Dans une interview accordée aux magazines d’actualité Le Vif et Knack, le ministre-président flamand Geert Bourgeois (photo) a pris ses distances par rapport à l’idée romantique d’une Flandre indépendante. Selon lui, l’indépendance doit être vue comme une forme de confédéralisme poussé à son maximum. "Une nation moderne n’est jamais totalement isolée", déclare Bourgeois.
Jasper Jacobs

Dans l’interview accordée aux deux magazines, le ministre-président flamand lève le voile sur ce qu’il attend d’une éventuelle réforme confédérale à l’issue des élections fédérales de 2019.

"Nous dévoilerons la stratégie de la N-VA plus tard. Vous connaissez notre programme. Mais je veux encore insister sur le fait que le terme 'indépendance' qui se trouve dans nos statuts, ce n'est pas l'indépendance au sens du 19e siècle. Une nation moderne fait partie d'un plus grand ensemble.
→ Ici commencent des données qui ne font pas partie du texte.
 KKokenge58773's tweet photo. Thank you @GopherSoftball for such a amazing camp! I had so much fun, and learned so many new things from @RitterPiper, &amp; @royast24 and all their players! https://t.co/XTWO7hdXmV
En Belgique, il s'agit donc d'aller vers un confédéralisme avec des Etats fédérés ayant une capitale partagée et un maximum d'autonomie et de responsabilités", expliquait Geert Bourgeois, au cours d'un entretien croisé avec son homologue wallon, Paul Magnette.

Le fondateur du parti nationaliste flamand faisait cette mise au point alors que la N-VA traverse une crise interne à propos de son aspiration nationaliste, énoncée à l'article 1er de ses statuts. Elle a accepté de geler ses revendications pour constituer au Fédéral une coalition suédoise, excluant les socialistes. La base nationaliste doute depuis lors de la sincérité nationaliste du parti.

Ces doutes ont grandi à la suite d'une interview du président Bart De Wever laissant entendre que si les socialistes passaient une législature de plus dans l'opposition, il pourrait remiser une nouvelles fois les exigences institutionnelles.

Les députés Veerle Wouters et Hendrik Vuye, chargés pourtant en janvier de "réopérationnaliser" le programme communautaire du parti, ont fait entendre une voix frondeuse qui leur a valu d'être mis au pas et de se voir retirer leur mission. Ils s'entretenaient mardi après-midi avec Bart De Wever.

Le Mouvement flamand dénonce depuis lors la mutation d'un parti nationaliste en un parti accroché au pouvoir.